Parlant au contraire des difficultés d’ouvrir une banque islamique en Italie (pour questions  fiscales et d’incompatibilité normative) Biagio Matranga, de Banca UBAE, suggère une solution applicable dans l’immédiat.
«Je pense à la possibilité d’offrir certains produits financiers islamiquement compatibles, à travers l’intermédiation des banques italiennes».

Pour lui, un instrument juridique adéquat est «le leasing, qui pourrait faciliter le feu vert de  Bankitalia», estimant plus complexe au contraire l’hypothèse d’une banque retail islamique, pour les nombreux problèmes réglementaires et liés aux structures de surveillance.
Il trouve plutôt mieux de pointer sur une banque d’investissement islamique, qui permette de récolter l’épargne dans les pays  musulmans, avec des produits répondant à la Sharia, utilisant ensuite ces ressources pour financer les entreprises italiennes.
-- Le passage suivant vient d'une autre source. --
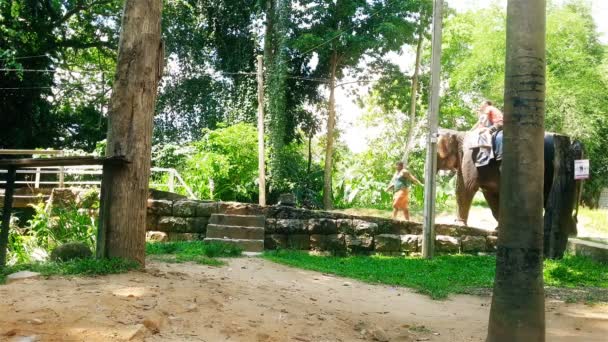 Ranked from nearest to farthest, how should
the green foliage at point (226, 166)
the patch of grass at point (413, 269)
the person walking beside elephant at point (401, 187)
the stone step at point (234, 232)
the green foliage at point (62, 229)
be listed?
1. the patch of grass at point (413, 269)
2. the green foliage at point (62, 229)
3. the stone step at point (234, 232)
4. the person walking beside elephant at point (401, 187)
5. the green foliage at point (226, 166)

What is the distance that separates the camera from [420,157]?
27.4m

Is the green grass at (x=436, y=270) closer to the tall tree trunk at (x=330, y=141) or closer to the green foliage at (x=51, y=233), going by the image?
the green foliage at (x=51, y=233)

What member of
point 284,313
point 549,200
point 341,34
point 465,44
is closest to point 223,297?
point 284,313

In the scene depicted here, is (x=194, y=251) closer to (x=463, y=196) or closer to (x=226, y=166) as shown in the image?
(x=463, y=196)

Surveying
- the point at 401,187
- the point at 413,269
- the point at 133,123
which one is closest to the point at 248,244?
the point at 413,269

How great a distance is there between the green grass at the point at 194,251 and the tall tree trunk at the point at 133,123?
1778 mm

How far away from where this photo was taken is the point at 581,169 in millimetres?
9984

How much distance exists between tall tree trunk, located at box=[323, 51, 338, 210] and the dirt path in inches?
474

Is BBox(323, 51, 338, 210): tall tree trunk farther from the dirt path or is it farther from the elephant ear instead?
the dirt path

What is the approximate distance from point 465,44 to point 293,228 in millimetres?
21647

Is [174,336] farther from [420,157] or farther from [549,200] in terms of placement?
[420,157]

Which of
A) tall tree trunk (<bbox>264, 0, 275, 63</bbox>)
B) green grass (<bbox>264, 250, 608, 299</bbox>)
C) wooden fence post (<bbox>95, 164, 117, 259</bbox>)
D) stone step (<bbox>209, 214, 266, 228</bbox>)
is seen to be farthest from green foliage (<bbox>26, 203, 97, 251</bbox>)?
tall tree trunk (<bbox>264, 0, 275, 63</bbox>)

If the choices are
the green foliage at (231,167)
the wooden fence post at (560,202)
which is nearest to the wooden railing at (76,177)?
the green foliage at (231,167)

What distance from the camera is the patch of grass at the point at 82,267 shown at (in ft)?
17.6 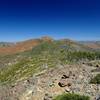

Il s’agit d’une option faisable, prévoyant deux partenaires: un arabe et un italien.
«ça ne soulèverait pas non plus de grands problèmes vis-à-vis  des lois et des normes», a expliqué Matranga, rappelant certaines particularités de la finance islamique, qui se caractérise comme «une manière éthique de faire les affaires», où:
● les intérêts sont considérés comme usure;
● les produits dérivés sont interdits;
● et la banque partage avec le client les risques et les bénéfices.

Un système qui peut aussi créer de grands intérêts économiques: comme moteur du processus d’internationalisation des capitaux en Italie.
Et ce, à travers par exemple, des opérations de “project financing”, outre naturellement à aller à l’encontre des exigences  (d’intégration) des 1.200.000 immigrés islamiques résidents en Italie (selon les estimations du Dossier Caritas 2008), qui auraient intérêt à utiliser des  instruments conformes à la culture propre.